DATA EXCERPTS below:

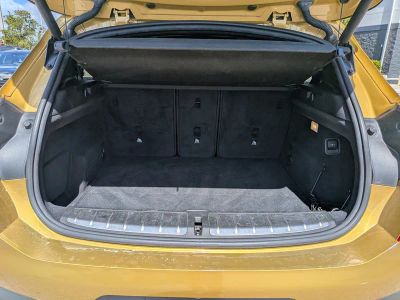 2018 BMW X2 — photo 13 view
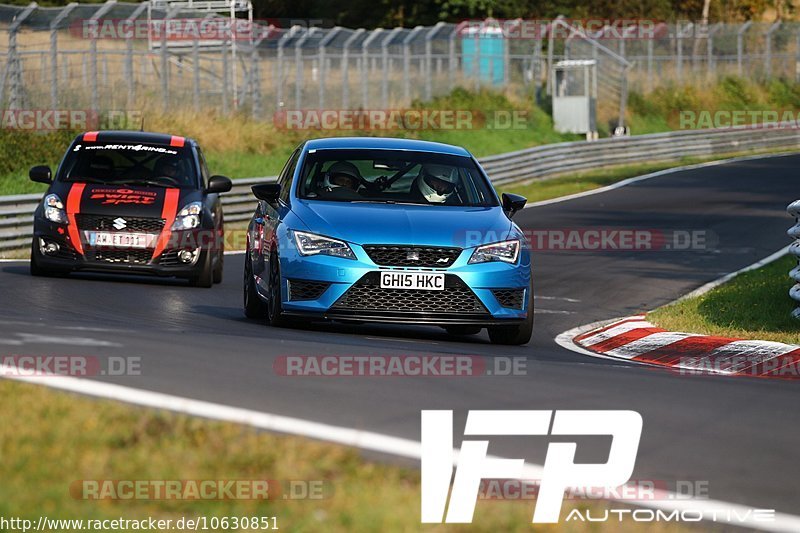 Bild #10630851 - Touristenfahrten Nürburgring Nordschleife (11.09.2020)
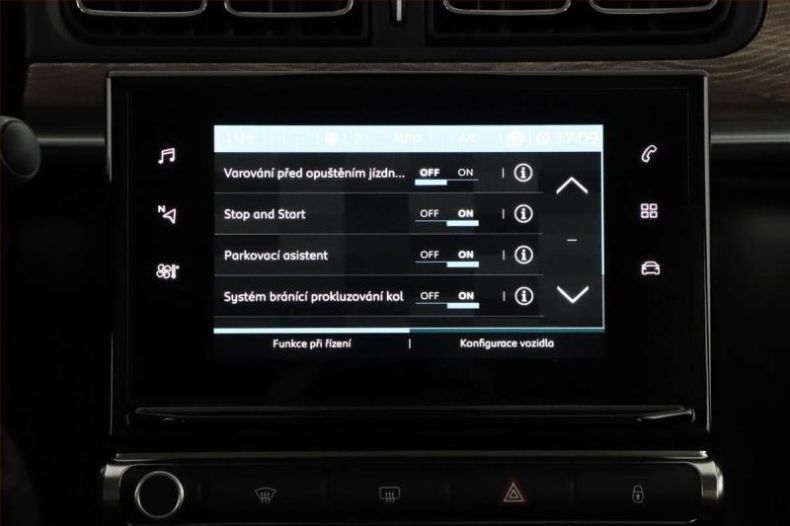 Citroën C3 - hlavní fotka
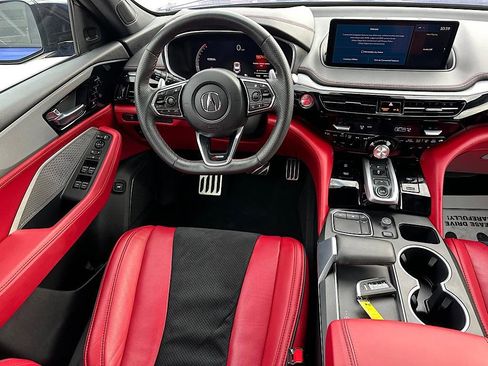 Certified 2023 Acura MDX A-Spec image 24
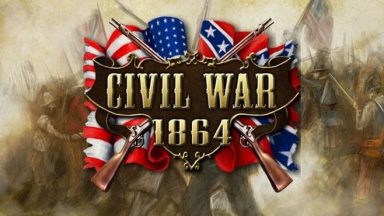 Featured Civil War 1864 Free Download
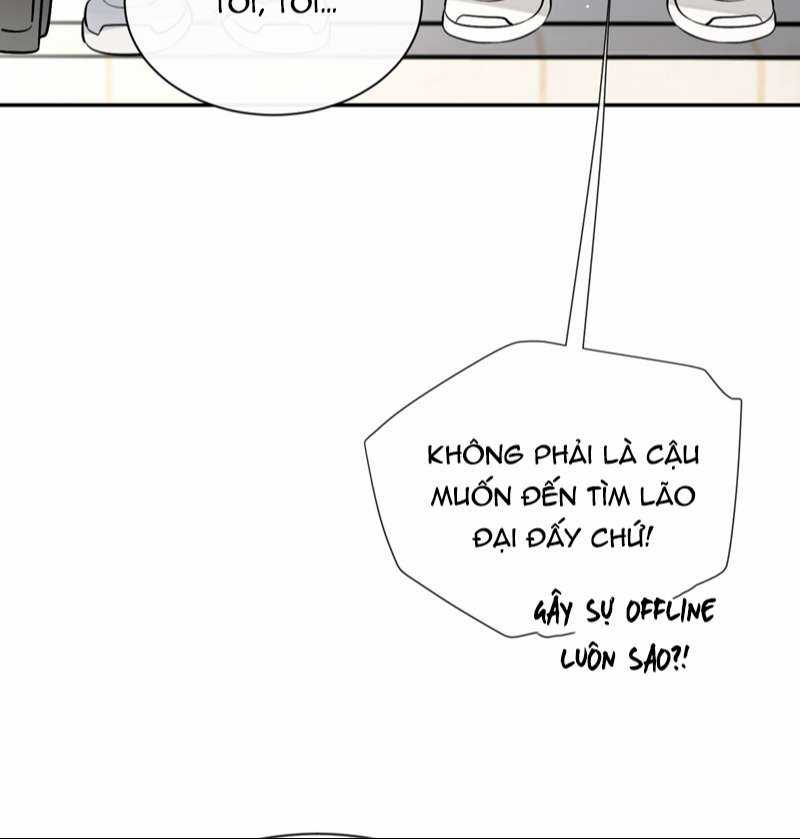 Chó Lớn Bắt Nạt Chủ - Chapter 75 - Trang 50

End of DATA EXCERPTS.

Without the pictures, repeat the listing word for word.

 2018 BMW X2 — photo 13 view
 Bild #10630851 - Touristenfahrten Nürburgring Nordschleife (11.09.2020)
 Citroën C3 - hlavní fotka
 Certified 2023 Acura MDX A-Spec image 24
 Featured Civil War 1864 Free Download
 Chó Lớn Bắt Nạt Chủ - Chapter 75 - Trang 50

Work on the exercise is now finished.